Artificial intelligent assistant

Is my proof of showing a helicoid and catenoid are isometric, correct? This is the question I have: Let $S$ denote the surface of revolution $$(x,y,z)=(\cos\theta \cosh v, \sin \theta \cosh v, v)$$ $0 < \theta < 2 \pi$ and $-\infty < v <\infty$ and $S'$ the surface $$(x',y',z')=(u \cos \phi, u \sin \phi, \phi)$$ $0 < \phi < 2\pi$ and $ -\infty < u < \infty$ Let $f$ be the mapping which takes the point $(x,y,z)$ on $S$ to the point $(x',y',z')$ on $S'$ where $\theta =\phi$ and $u=\sinh v$. Show that $f$ is an isometry from $S$ onto $S'$ This is my proof.
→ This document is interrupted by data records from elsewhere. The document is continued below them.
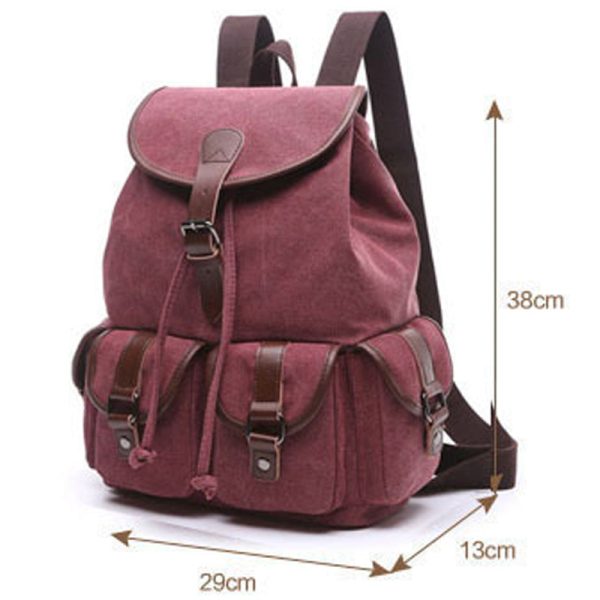 Women Canvas Backpack Purse Vintage - Image 6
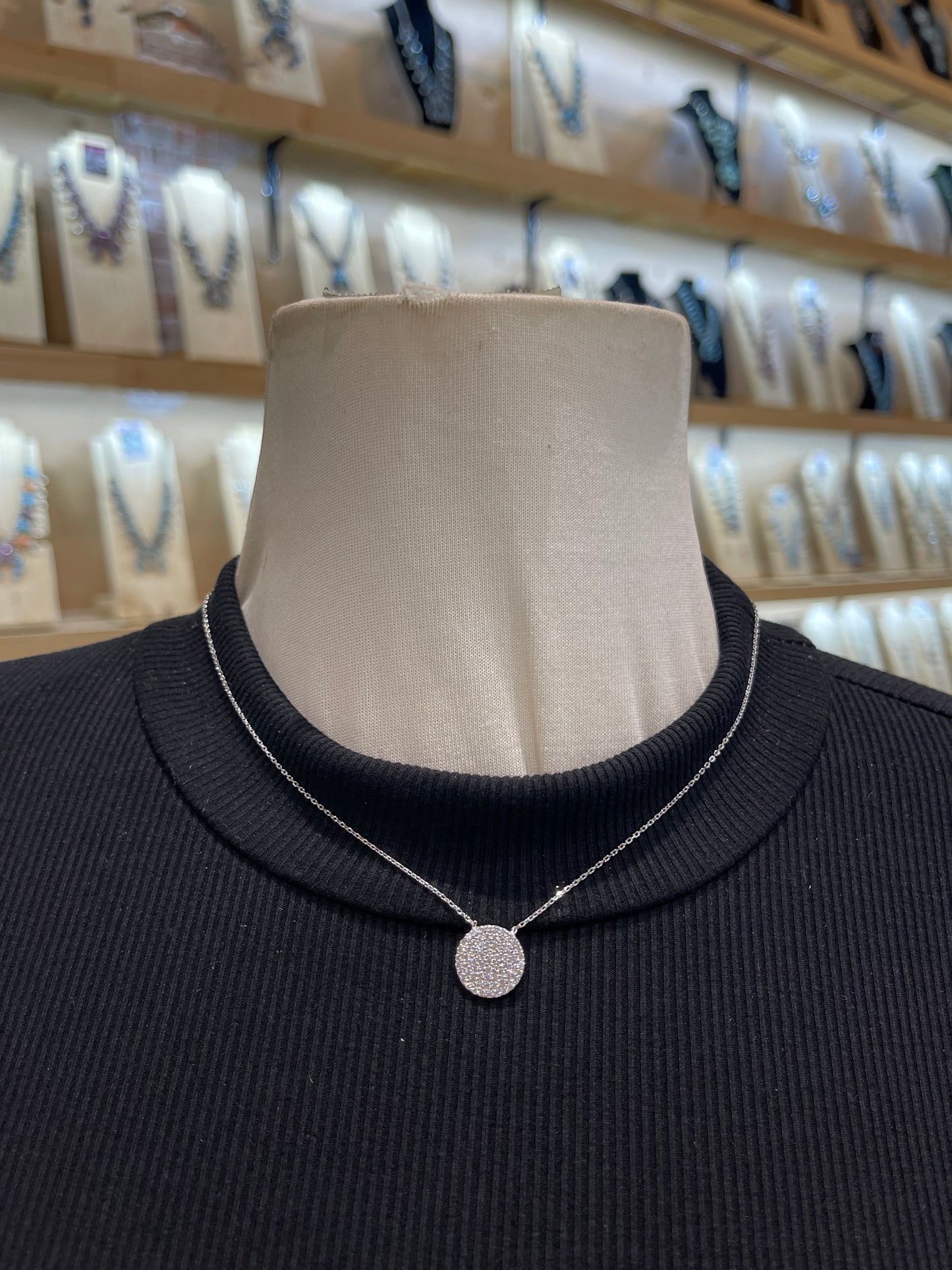 16”+2” Extender Cubic Zirconia & Sterling Necklace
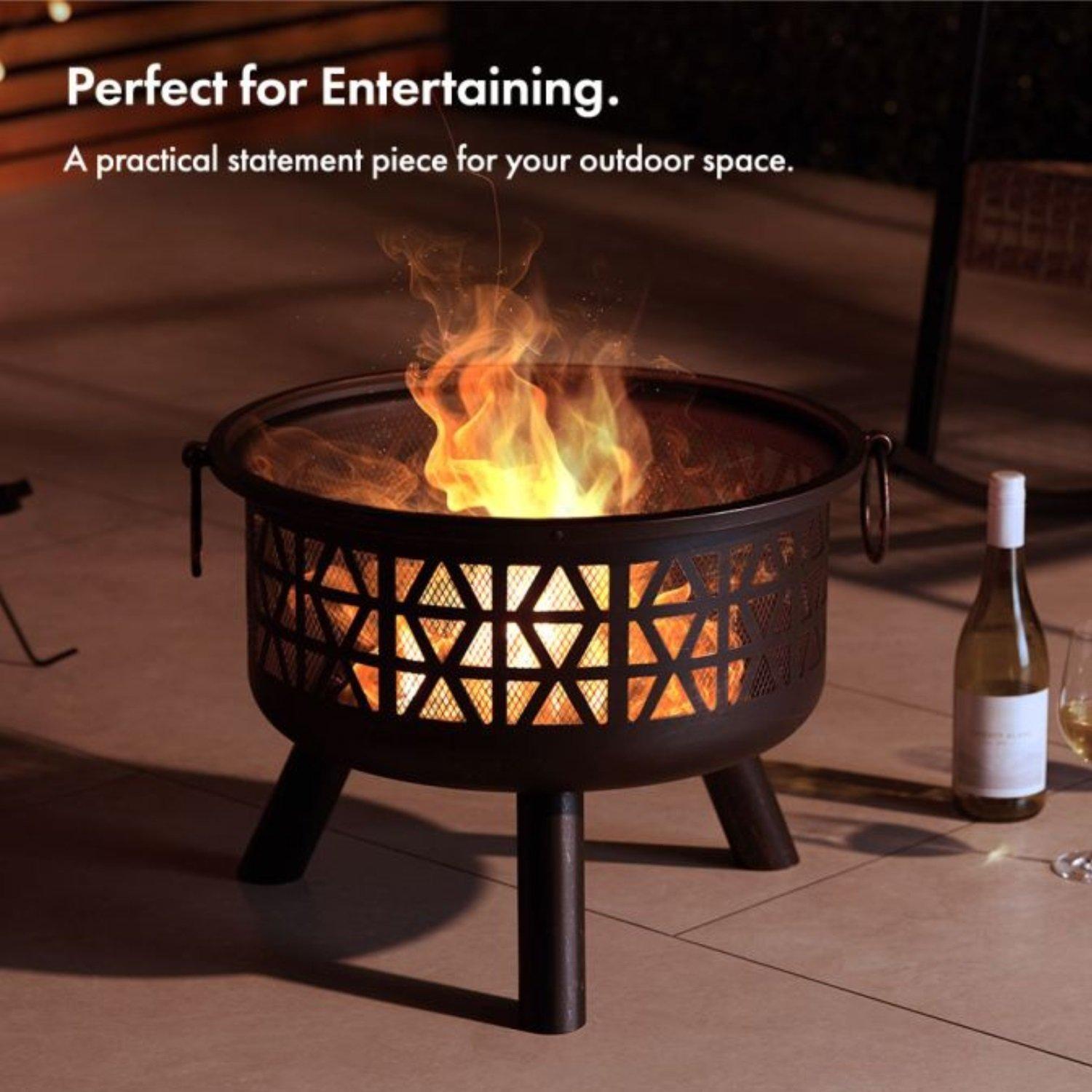 Black - VonHaus - VonHaus - Geo Fire Pit - 4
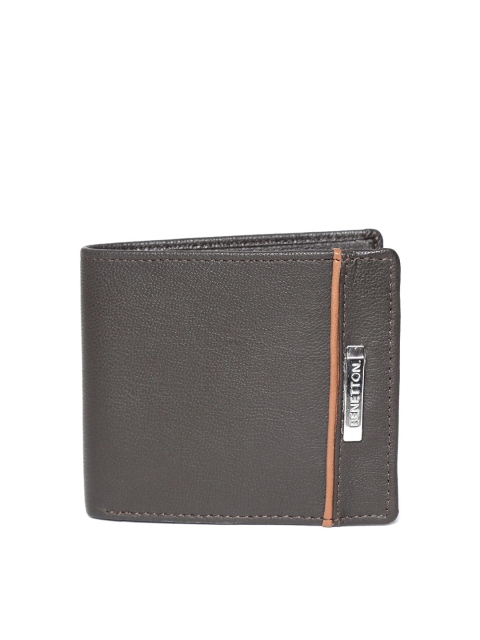 

United Colors of Benetton Men Coffee Brown Leather Solid Two Fold Wallet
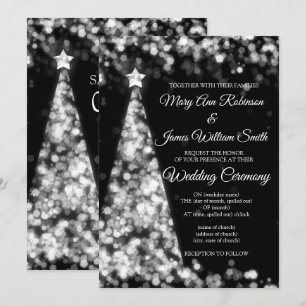 Elegante Silver Black Weihnachts-Hochzeit Einladung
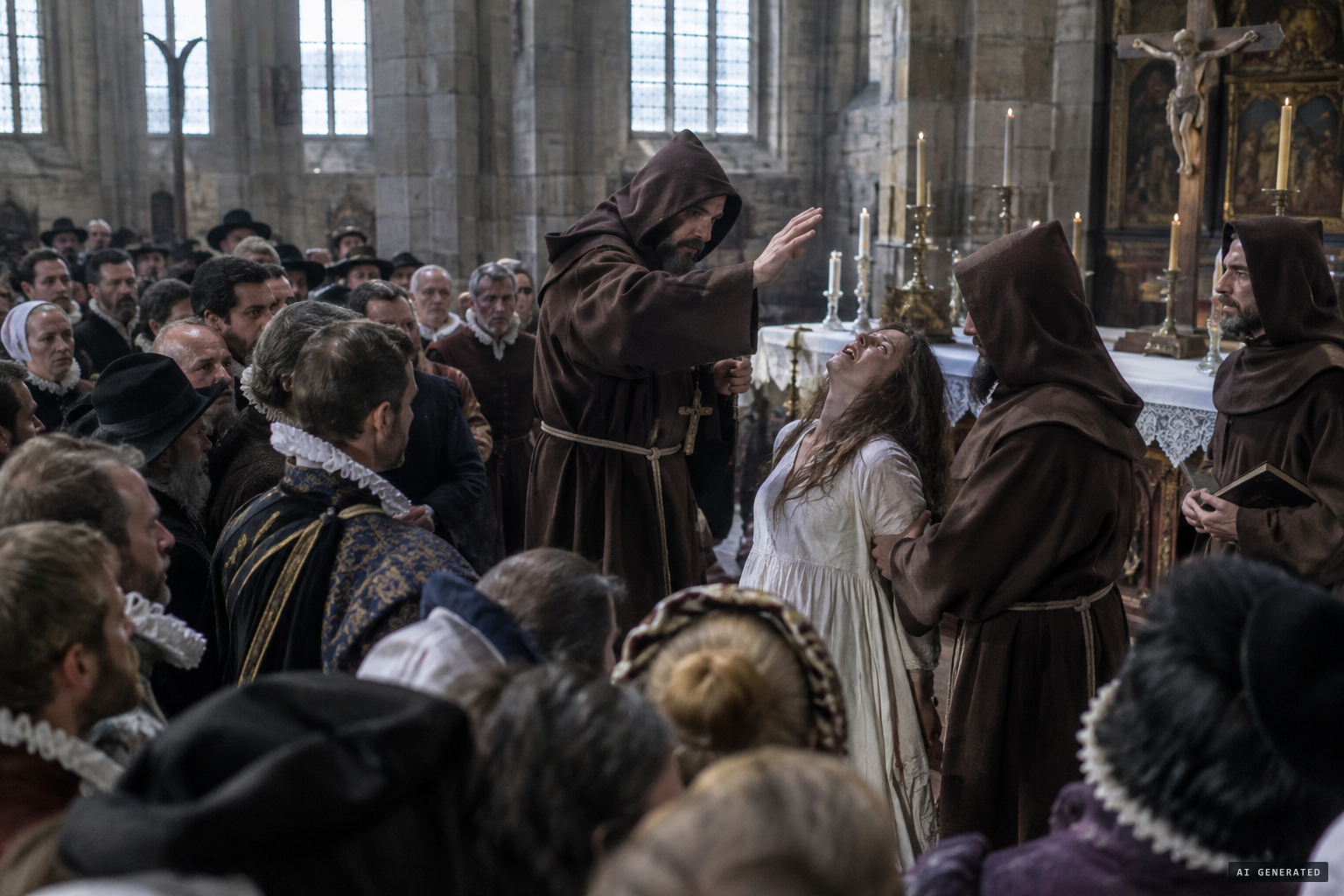 The Capuchins exorcise Marthe in public in Paris, and a voice calling itself Beelzebub rants against the Huguenots.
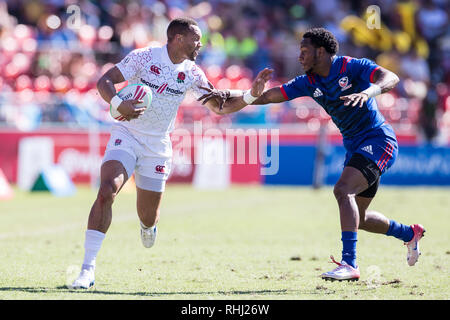 Sydney, Australien. 3. Feb 2019. Dan Norton in England während der 2019 HSBC Sydney 7s im Sydney Olympic Park, Sydney, Australien, am 3. Februar 2019. Foto von Peter Dovgan. Credit: UK Sport Pics Ltd/Alamy leben Nachrichten Stockfoto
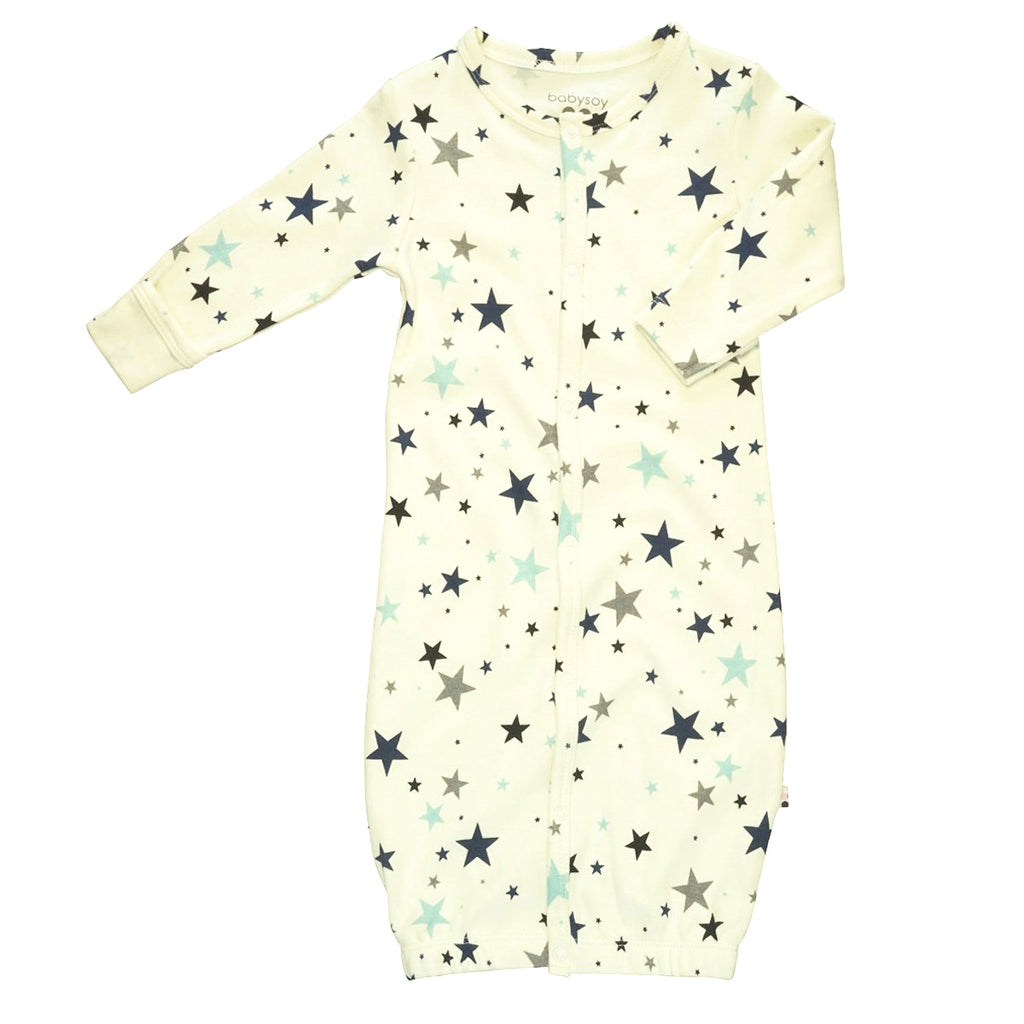 Babysoy Newborn Star Pattern Long Sleeve Snap Gown/Sleep Sacks 3-6 Months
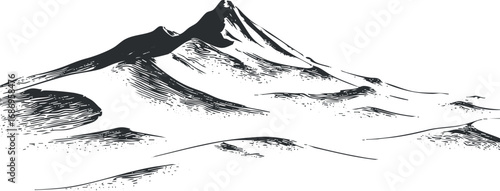 Black and white hand drawn illustration of a mountain peak with surrounding hills and ridges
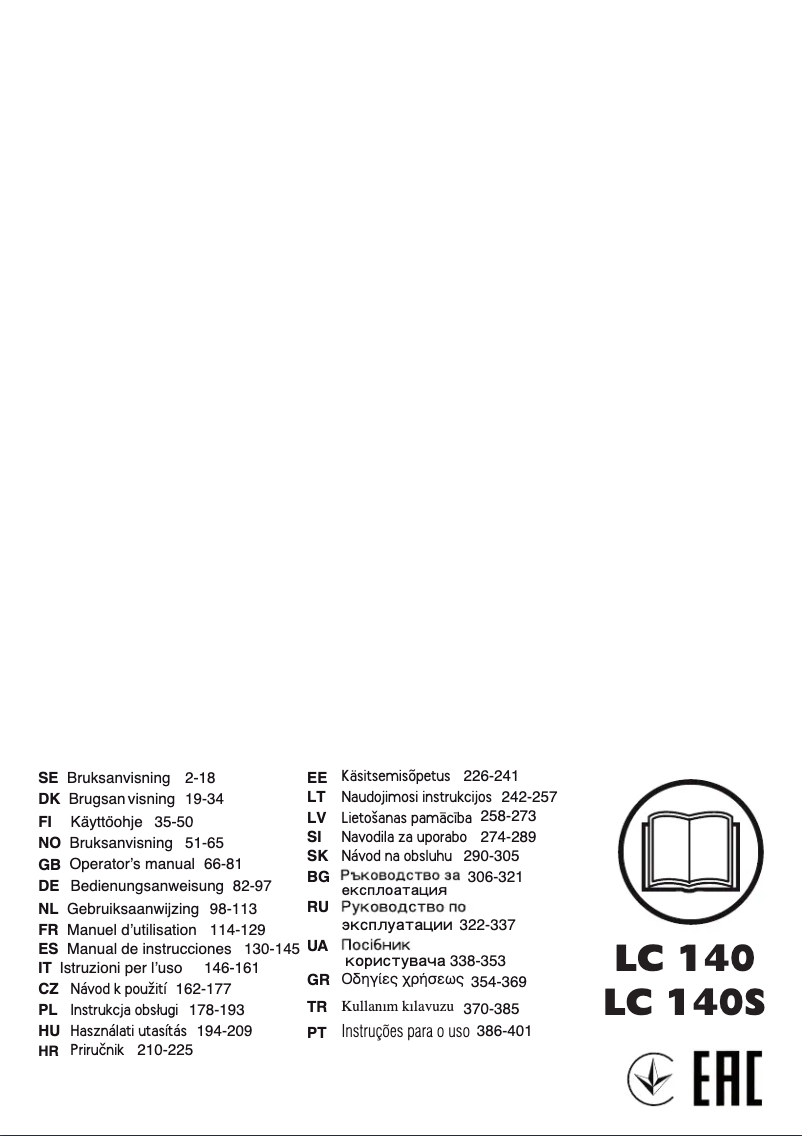 Page n°1 - Manuel utilisateur Husqvarna LC 141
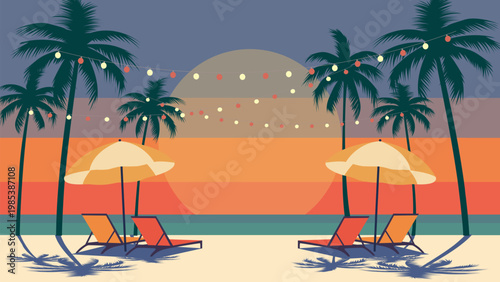 Sunset on the beach. Sun loungers in the shade of palm trees stand on the seashore, illuminated by decorative holiday lights. Concept of rest and relaxation. Vector illustration of sandy beach.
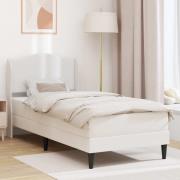 vidaXL Sängram med huvudgavel Vit 100 x 200 cm Konstläder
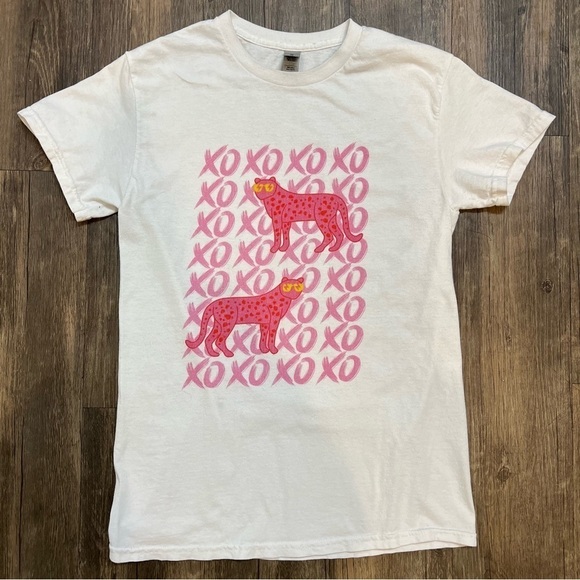 Women’s Short Sleeves Xoxo Tee Shirt White Pink Size S - Picture 5 of 6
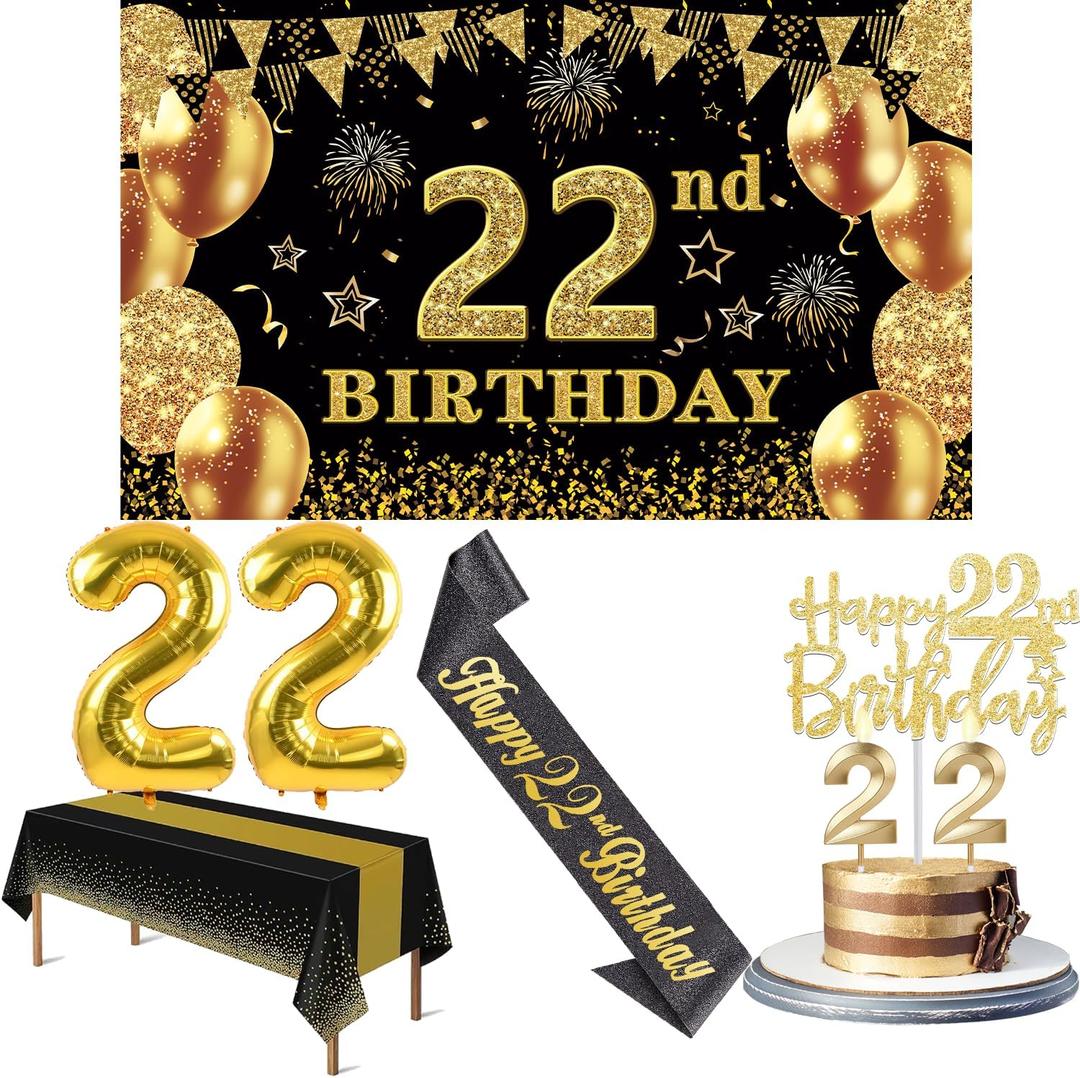 22nd Birthday Decorations Men Women with 22nd Birthday Banner, Black and Gold Table Cloth, Number Balloons, Large Sash, Cake Topper and Candles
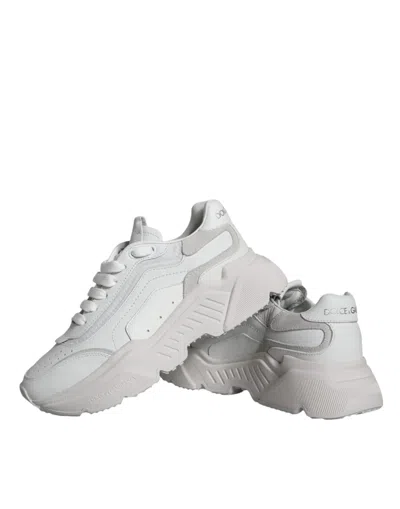 Dolce & Gabbana White Daymaster Calf Leather Sneakers Shoes In White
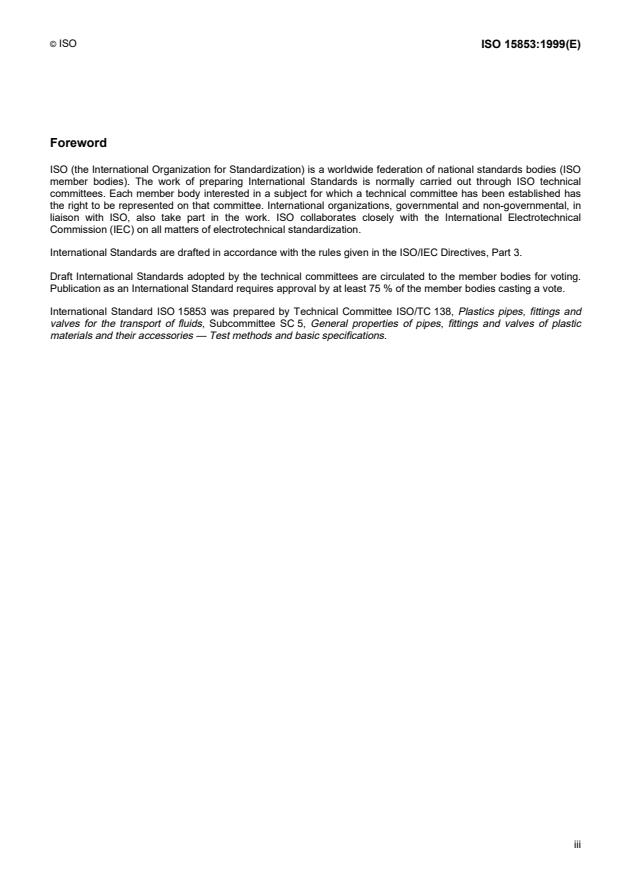ISO 15853:1999 - Thermoplastics materials -- Preparation of tubular test pieces for the determination of the hydrostatic strength of materials used for injection moulding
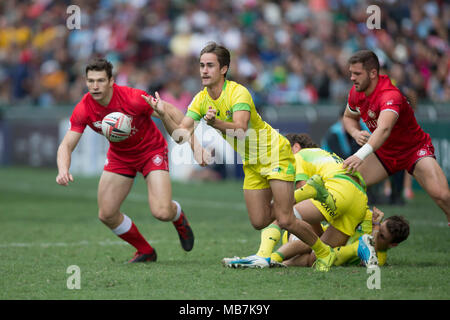 Hongkong, China. 07 Apr, 2018. Rugby Sevens Turnier in Hongkong vom 5. bis 8. April 2018, Kanada gegen Australien, Matt McTaggert (Australien, 11) - KEINE LEITUNG SERVICE-Credit: Jürgen Keßler/dpa/Alamy leben Nachrichten Stockfoto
I reparametrise the helicoid as $$S'=(\sinh v \cos \theta, \sinh v \sin \theta ,\theta )$$ I then find the first fundamental forms of the reparametrized helicoid and the first fundamental forms of the catenoid and show that they are the same. > Is the outline of the proof correct? > > Have I re-parametrized the helicoid correctly? > > Do I need to reparametrise the catenoid?

You have not shown that they share the same first fundamental form coefficients in your brief outline. You have correctly given the result.

EDIT1:

This is quite standard and can be found in several DG text books, and other sites. including code.